Best Beef Rump Roast Recipe:
- 1.3 to 1.6 kg of Boneless Rump Roast
- 1 tablespoon extra virgin olive oil
- 8-10 slivers of garlic (3 to 4 cloves, sliced in half or into thirds)
- Salt and pepper
For the sauce:
- Red wine, water, and or beef stock
- Salt the roast and let sit at room temp
2. Preheat your oven to (190°C).
3. Use a sharp knife to make small incisions in the roast. Gently place slithers of garlic into the incesions.
4. Rub olive oil all over the roast. Sprinkle with salt and pepper.
5. Place roast on rack, fat side up, with pan to catch drippings below. Additionally, make sure to place the roast fat-side up. As a result, the fat melts and bathes the entire roast in flavor.
.6. Cook the roast initially at 190°C for half an hour, to brown it. Then lower the heat to 107°C The roast should take somewhere from 1 1/2 to 2 1/2 hours additionally to cook.
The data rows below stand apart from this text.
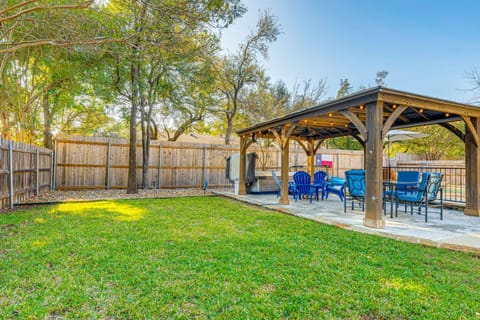 WFH-Friendly Austin Getaway with Backyard Oasis! House in Austin
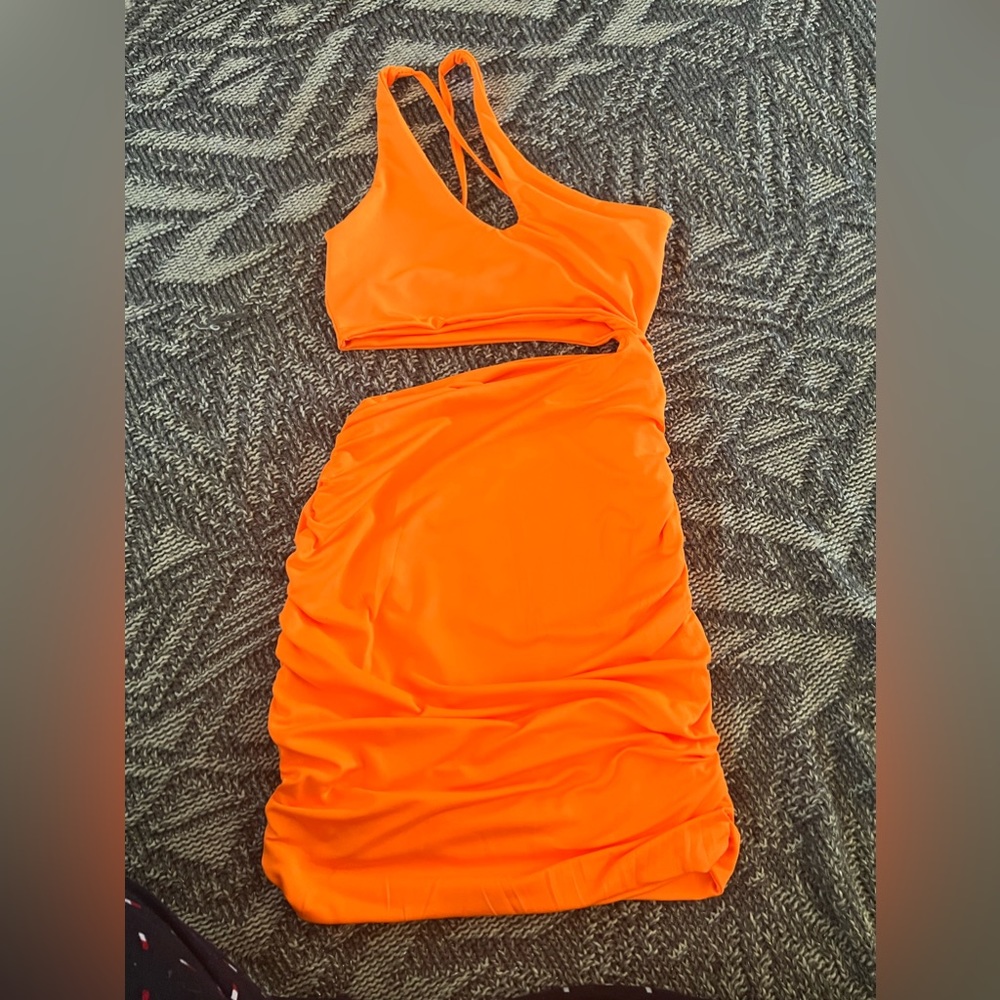Orange bodycon dress - Picture 3 of 6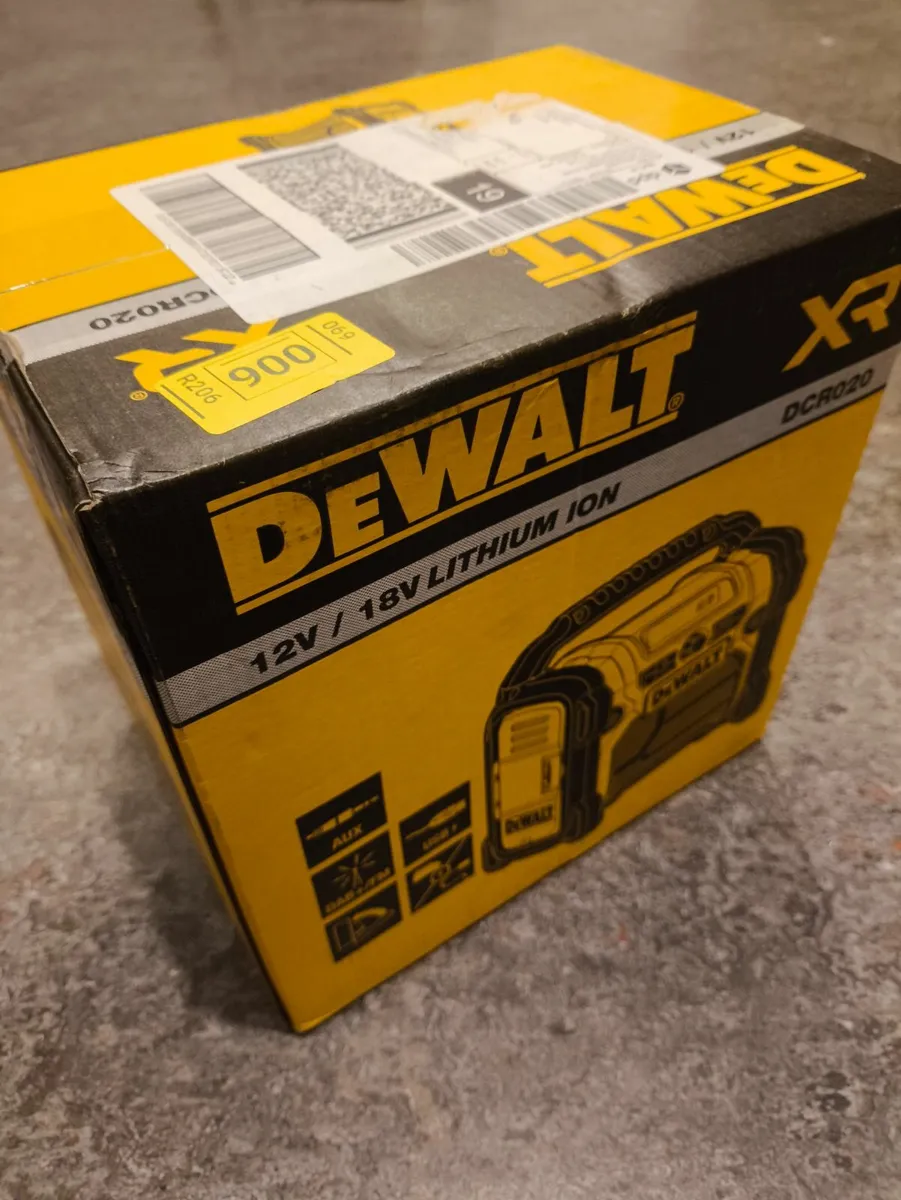 DeWalt Site Radio - Image 4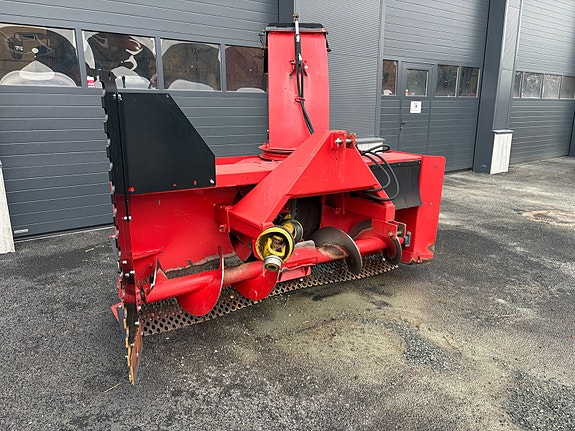 Tokvam 255THS BIG totrinns snøfres 2011, kr 55 000,-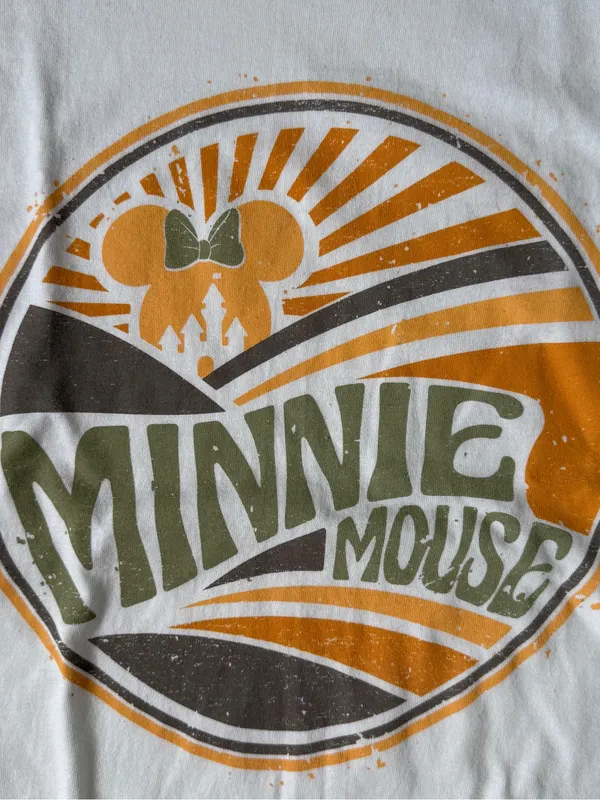 Disney World Parks Minnie Mouse Castle Graphic T Shirt Women’s size Small - Image 3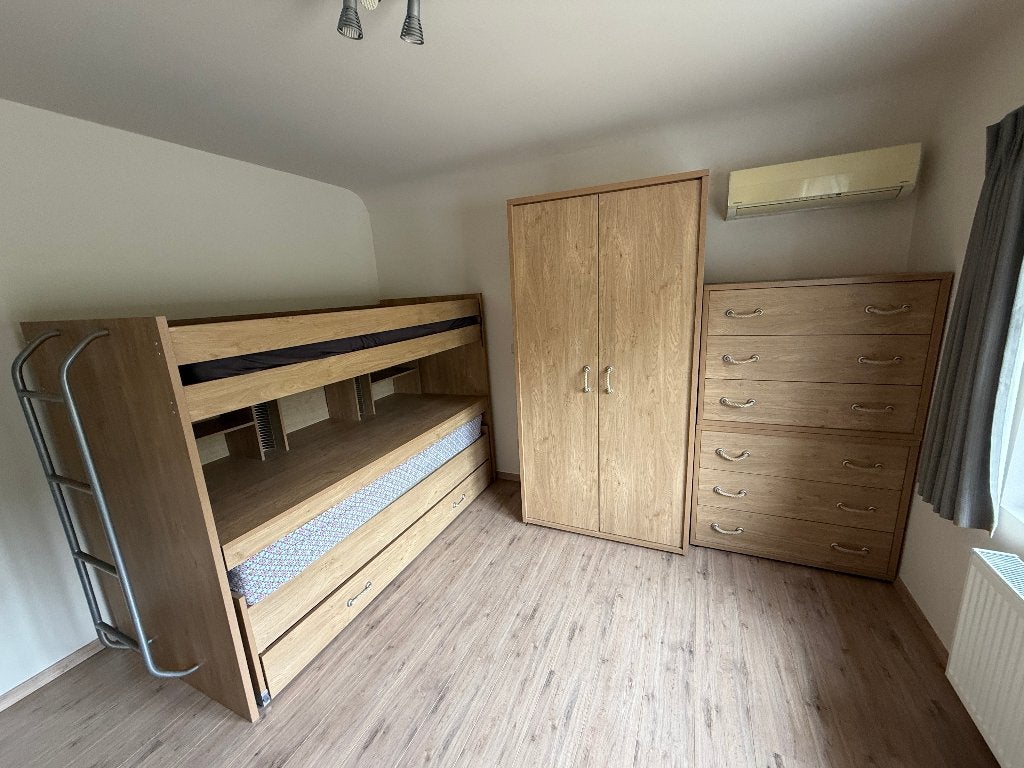 Kinderkamer met hoogslaper, uitschuifbed(den) en kastruimte, Kinderen en Baby's, Kinderkamer | Complete kinderkamers, Ophalen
7. When juices start to drip from the roast, and it is browned on the outside, check the roast’s internal temperature with a meat thermometer. Remove the roast from the oven when the internal temperature of the roast is 57°C to 60°C.
8. Let it rest for 20 to 30 minutes before cutting.
To make the sauce:
Remove the dripping pan from the oven and place on the stove top at medium heat. Add some water, red wine, or beef stock to the drippings to deglaze (loosen the drippings from the pan). Dissolve a tablespoon of cornstarch in a little water and add to the drip pan. Stir quickly while the sauce thickens to avoid lumping.
You can add a little butter if there is not a lot of fat in the drippings. Add salt and pepper to taste. Mom adds some fresh thyme too if she has some.